### [What to work on]
Apart from the pictures, print the data below exactly as given.

··· Given information ···

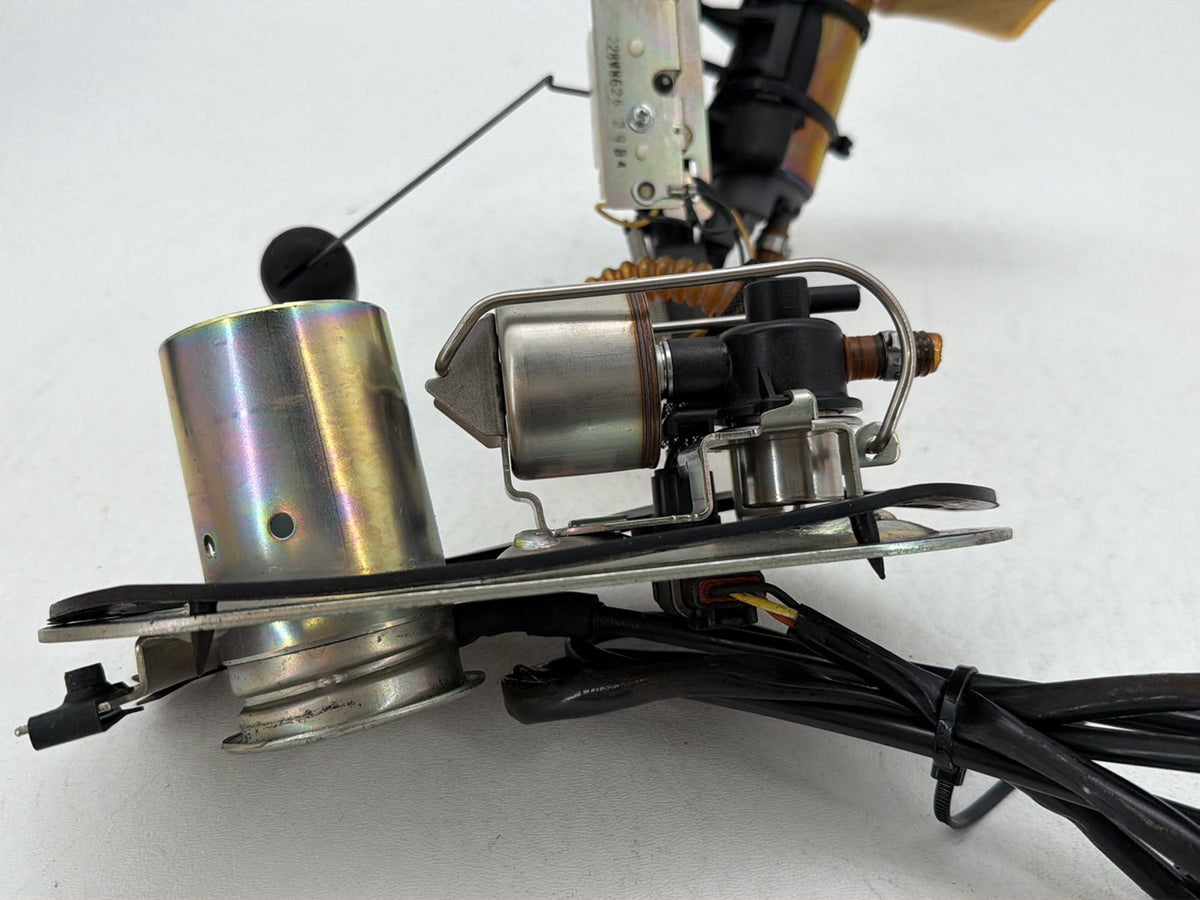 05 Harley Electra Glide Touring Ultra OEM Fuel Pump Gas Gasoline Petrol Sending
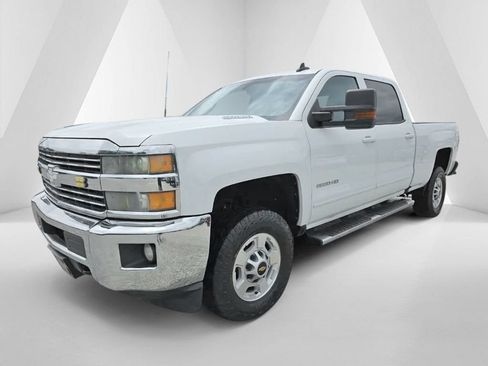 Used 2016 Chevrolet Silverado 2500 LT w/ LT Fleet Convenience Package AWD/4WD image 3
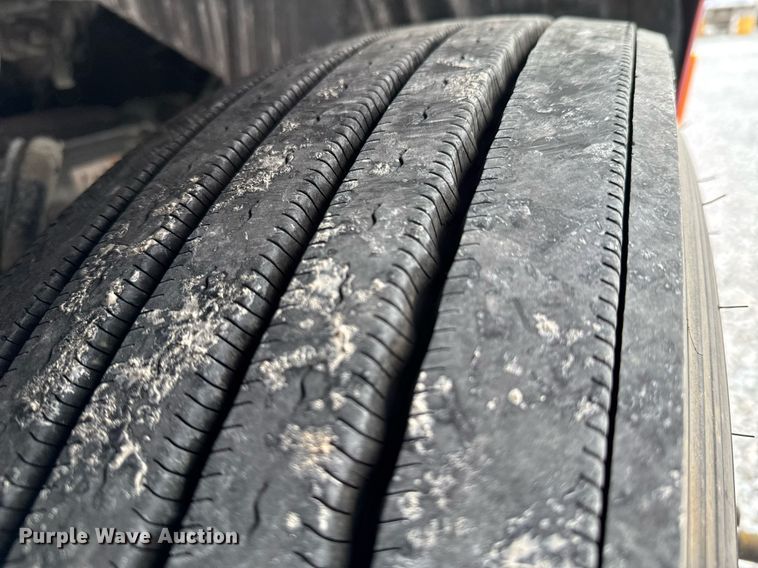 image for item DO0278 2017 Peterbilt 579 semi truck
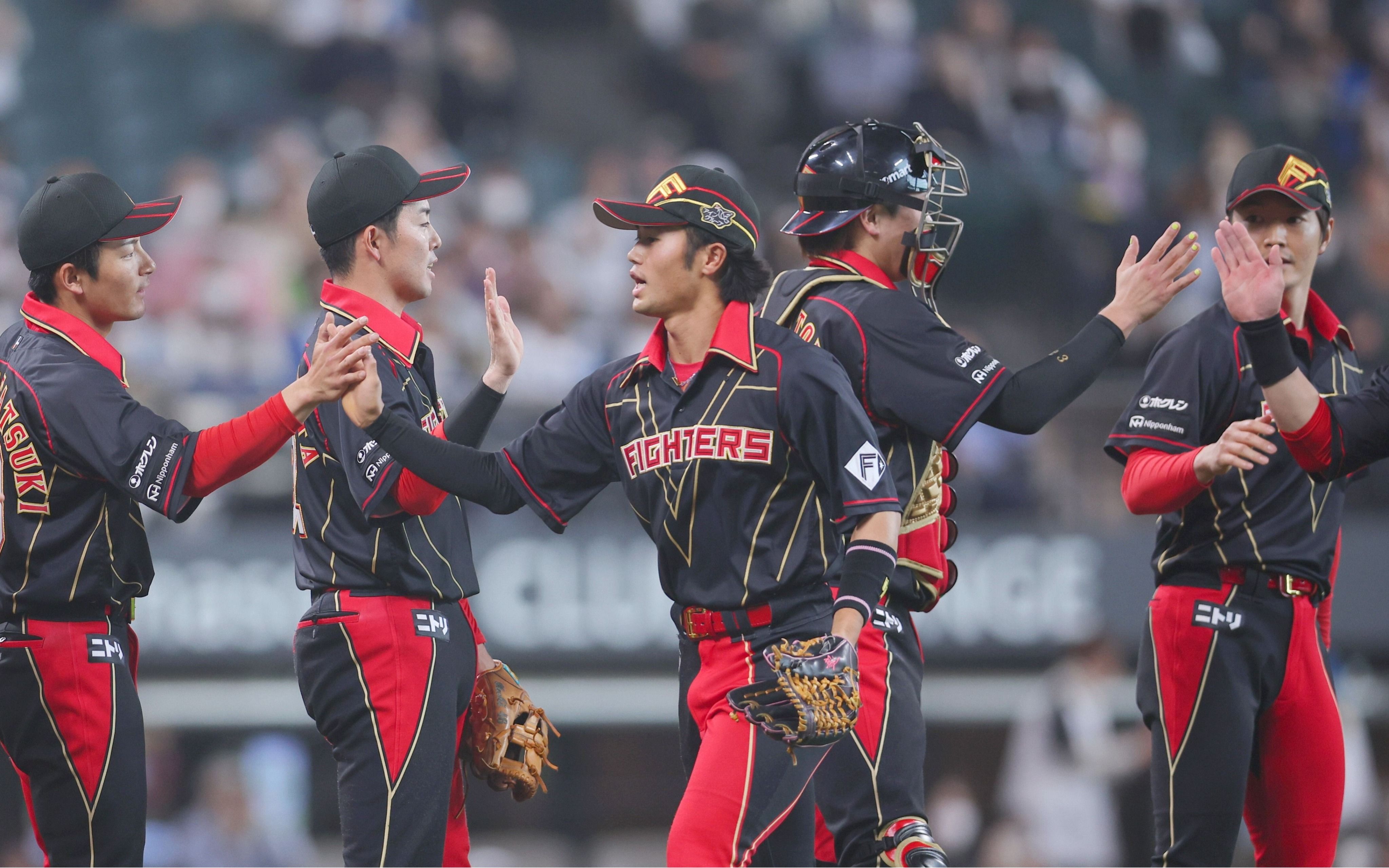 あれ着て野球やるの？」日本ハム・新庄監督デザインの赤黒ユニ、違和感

···

### [Result for this exercise]
 05 Harley Electra Glide Touring Ultra OEM Fuel Pump Gas Gasoline Petrol Sending
 Used 2016 Chevrolet Silverado 2500 LT w/ LT Fleet Convenience Package AWD/4WD image 3
 image for item DO0278 2017 Peterbilt 579 semi truck
 あれ着て野球やるの？」日本ハム・新庄監督デザインの赤黒ユニ、違和感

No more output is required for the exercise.